• [REQUIRED WORK] From the records below, please repeat exactly the line that has "Ravenna Mid-Century Modern", the line that has "Puzzle 1500 Steps To The Harbor, Clementoni", and every line between them, and nothing else.

• [SUPPLIED DATA]
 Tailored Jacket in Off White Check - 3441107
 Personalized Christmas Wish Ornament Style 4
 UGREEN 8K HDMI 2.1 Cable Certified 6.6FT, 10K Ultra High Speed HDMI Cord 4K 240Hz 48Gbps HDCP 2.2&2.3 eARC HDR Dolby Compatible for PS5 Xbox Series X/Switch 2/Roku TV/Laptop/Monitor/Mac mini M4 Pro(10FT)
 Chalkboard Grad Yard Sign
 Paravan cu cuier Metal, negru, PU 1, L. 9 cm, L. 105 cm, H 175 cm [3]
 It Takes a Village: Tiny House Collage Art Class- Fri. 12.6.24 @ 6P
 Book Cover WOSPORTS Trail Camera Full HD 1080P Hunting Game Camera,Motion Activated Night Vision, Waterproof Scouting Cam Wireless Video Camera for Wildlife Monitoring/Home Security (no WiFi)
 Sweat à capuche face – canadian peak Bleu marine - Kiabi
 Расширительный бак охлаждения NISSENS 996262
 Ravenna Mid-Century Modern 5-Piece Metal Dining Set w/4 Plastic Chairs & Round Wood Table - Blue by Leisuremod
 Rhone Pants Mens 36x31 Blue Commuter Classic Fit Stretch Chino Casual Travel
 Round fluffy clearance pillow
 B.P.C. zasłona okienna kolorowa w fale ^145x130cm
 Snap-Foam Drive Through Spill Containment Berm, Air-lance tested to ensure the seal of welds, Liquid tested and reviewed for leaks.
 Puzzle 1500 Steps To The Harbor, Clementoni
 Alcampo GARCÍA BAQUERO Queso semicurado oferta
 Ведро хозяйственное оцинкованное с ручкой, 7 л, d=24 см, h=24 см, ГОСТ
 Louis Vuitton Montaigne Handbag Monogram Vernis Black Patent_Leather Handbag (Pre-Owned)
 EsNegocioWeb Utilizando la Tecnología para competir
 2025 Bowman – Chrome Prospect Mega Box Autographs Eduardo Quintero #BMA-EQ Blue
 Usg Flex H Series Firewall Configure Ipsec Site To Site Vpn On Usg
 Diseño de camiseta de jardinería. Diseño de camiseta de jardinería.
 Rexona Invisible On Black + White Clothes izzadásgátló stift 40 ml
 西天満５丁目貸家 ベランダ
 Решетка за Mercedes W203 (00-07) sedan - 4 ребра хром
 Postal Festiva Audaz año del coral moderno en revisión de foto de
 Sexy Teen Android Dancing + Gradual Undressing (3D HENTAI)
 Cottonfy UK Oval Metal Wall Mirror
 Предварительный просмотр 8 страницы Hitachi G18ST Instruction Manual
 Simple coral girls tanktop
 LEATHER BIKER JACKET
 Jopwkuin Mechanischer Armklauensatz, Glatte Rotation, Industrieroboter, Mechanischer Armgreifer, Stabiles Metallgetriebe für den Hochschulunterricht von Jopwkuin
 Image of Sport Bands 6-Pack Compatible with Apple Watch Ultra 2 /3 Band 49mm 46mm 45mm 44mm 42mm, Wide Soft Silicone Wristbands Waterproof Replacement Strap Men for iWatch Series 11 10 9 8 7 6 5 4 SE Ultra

• [THE COMPLETED TASK]
 Ravenna Mid-Century Modern 5-Piece Metal Dining Set w/4 Plastic Chairs & Round Wood Table - Blue by Leisuremod
 Rhone Pants Mens 36x31 Blue Commuter Classic Fit Stretch Chino Casual Travel
 Round fluffy clearance pillow
 B.P.C. zasłona okienna kolorowa w fale ^145x130cm
 Snap-Foam Drive Through Spill Containment Berm, Air-lance tested to ensure the seal of welds, Liquid tested and reviewed for leaks.
 Puzzle 1500 Steps To The Harbor, Clementoni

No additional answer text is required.